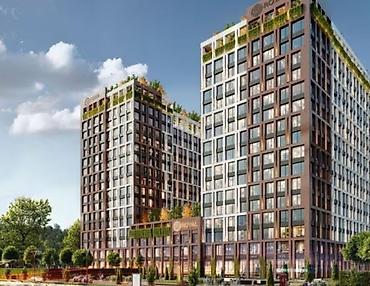 ак ордо достук: 2 комнаты, 67 м², Элитка, 8 этаж, ПСО (под самоотделку) — 6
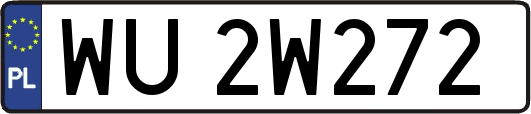 WU2W272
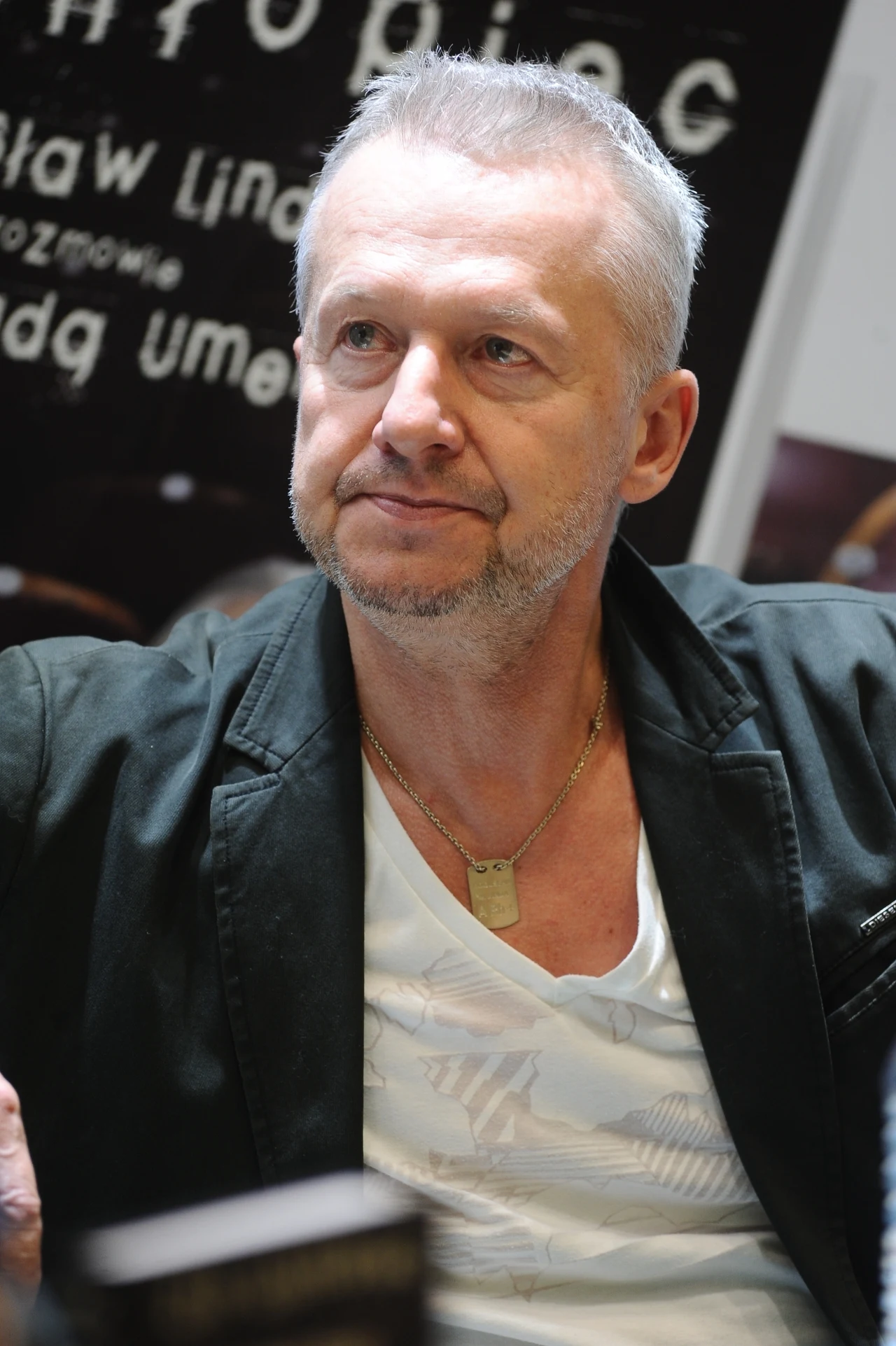 Bogusław Linda Bogusław Linda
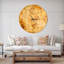 Horloge murale Swigart Farmhouse Designart-34141168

+--

◆ **Required action**:
Extract, word for word, every line from the one holding "Bogusław Linda Bogusław Linda" through the closing line of the data above. Do not include any pictures.

◆ **Result for this exercise**:
 Bogusław Linda Bogusław Linda
 Horloge murale Swigart Farmhouse Designart-34141168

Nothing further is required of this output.